*HOW TO COMPLETE THIS TASK:*
Each record that follows is to be transcribed exactly, excluding its images.

(Dataset entries)
•••••

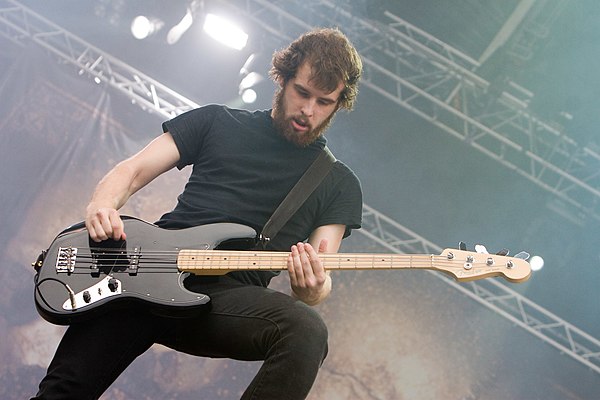 Gilbert performing with As I Lay Dying at With Full Force 2007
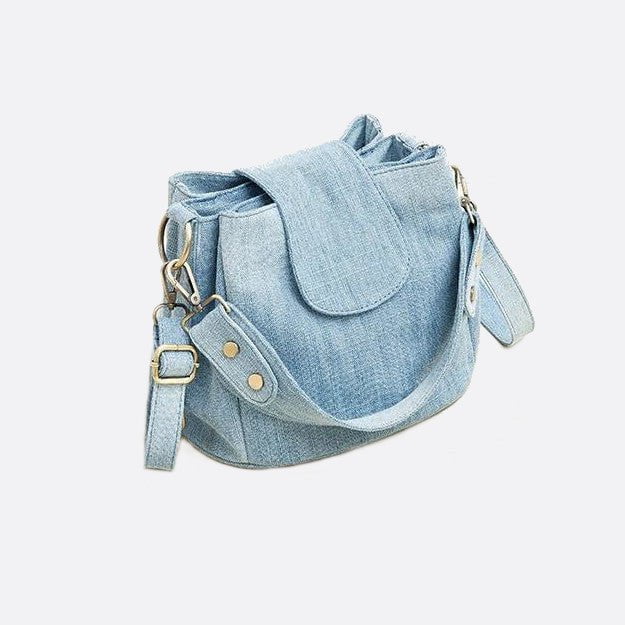 sac seau en toile de jean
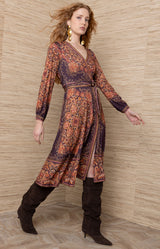Bronya Jersey Midi Dress_Plum
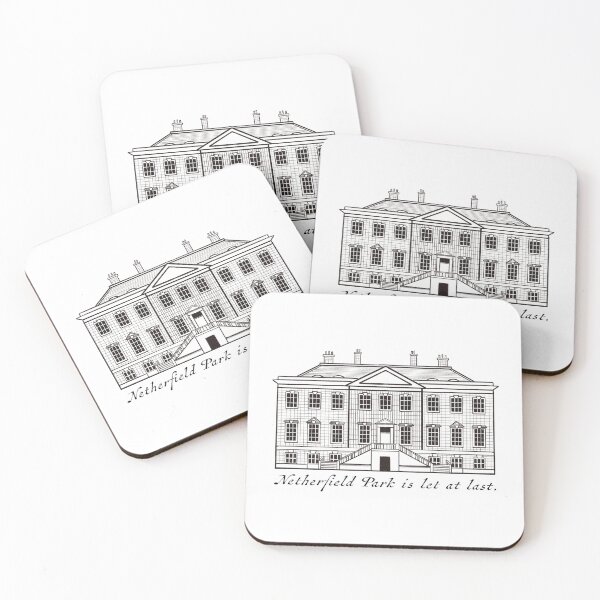 Item preview, Sketch Drawing of Netherfield Park Pride and Prejudice designed and sold by MariOyama.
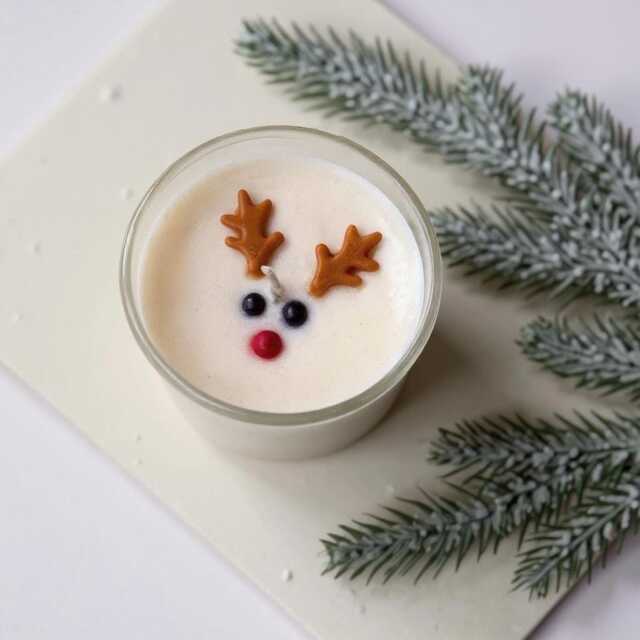 Reindeer Christmas Candle, Rudolph Candle Gift, Cozy Winter Scented Candle, Festive Gift For Her, Holiday Home D??cor, Soy Wax Candle, Secret Santa - image 1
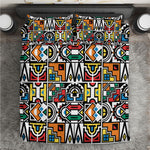 African Geometric Ndebele Patterns Bedding Set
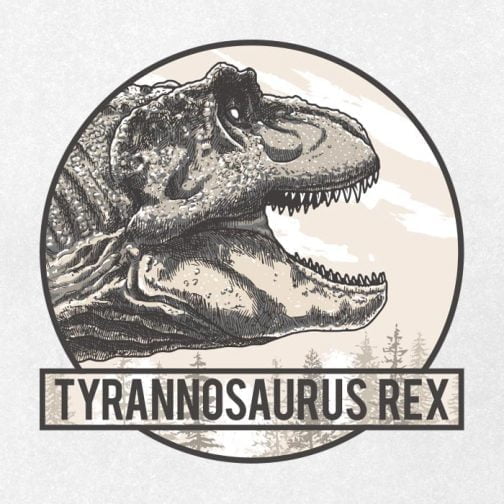 Dinosaur Tyrannosaurus Rex 01 / Face / Drawing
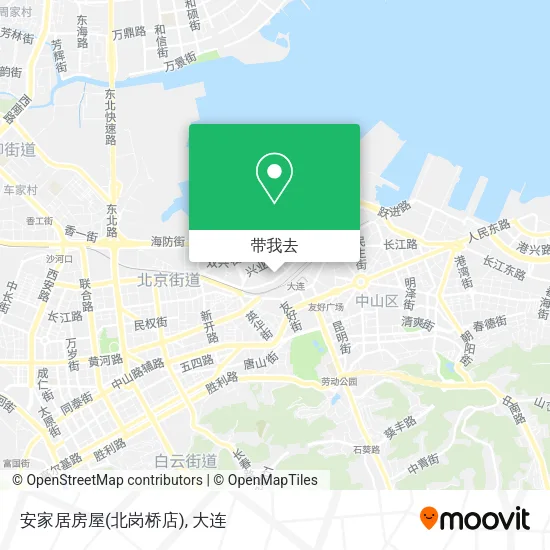 安家居房屋(北岗桥店)地图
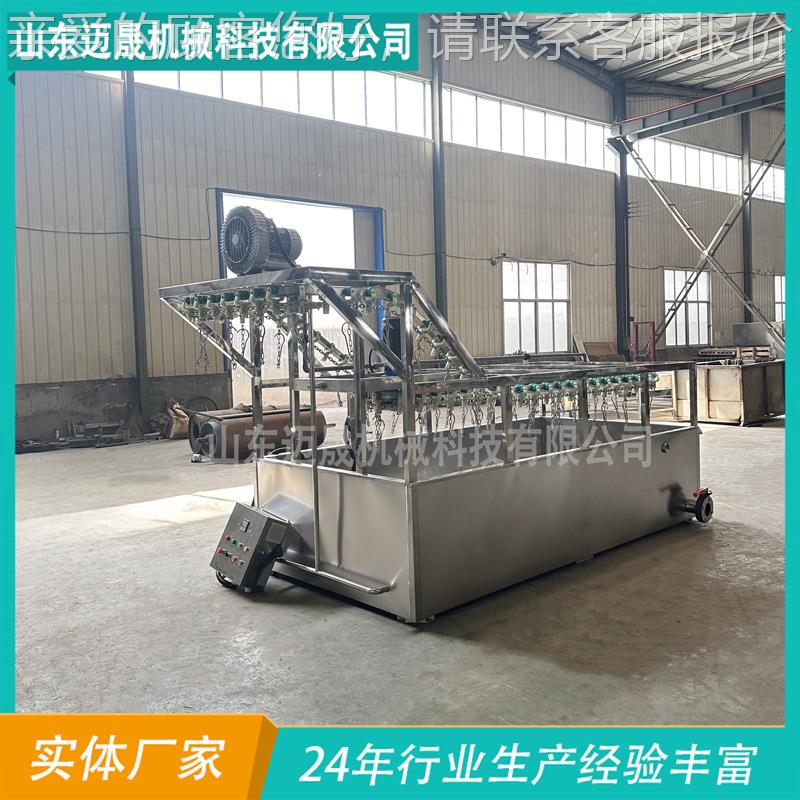 全动吊挂流猪连续烫毛池304不锈自钢头猪头蹄烫LXK毛池毛猪烫头水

•••••

*RESPONSE BOX:*
 Gilbert performing with As I Lay Dying at With Full Force 2007
 sac seau en toile de jean
Bronya Jersey Midi Dress_Plum
 Item preview, Sketch Drawing of Netherfield Park Pride and Prejudice designed and sold by MariOyama.
 Reindeer Christmas Candle, Rudolph Candle Gift, Cozy Winter Scented Candle, Festive Gift For Her, Holiday Home D??cor, Soy Wax Candle, Secret Santa - image 1
 African Geometric Ndebele Patterns Bedding Set
 Dinosaur Tyrannosaurus Rex 01 / Face / Drawing
 安家居房屋(北岗桥店)地图
 全动吊挂流猪连续烫毛池304不锈自钢头猪头蹄烫LXK毛池毛猪烫头水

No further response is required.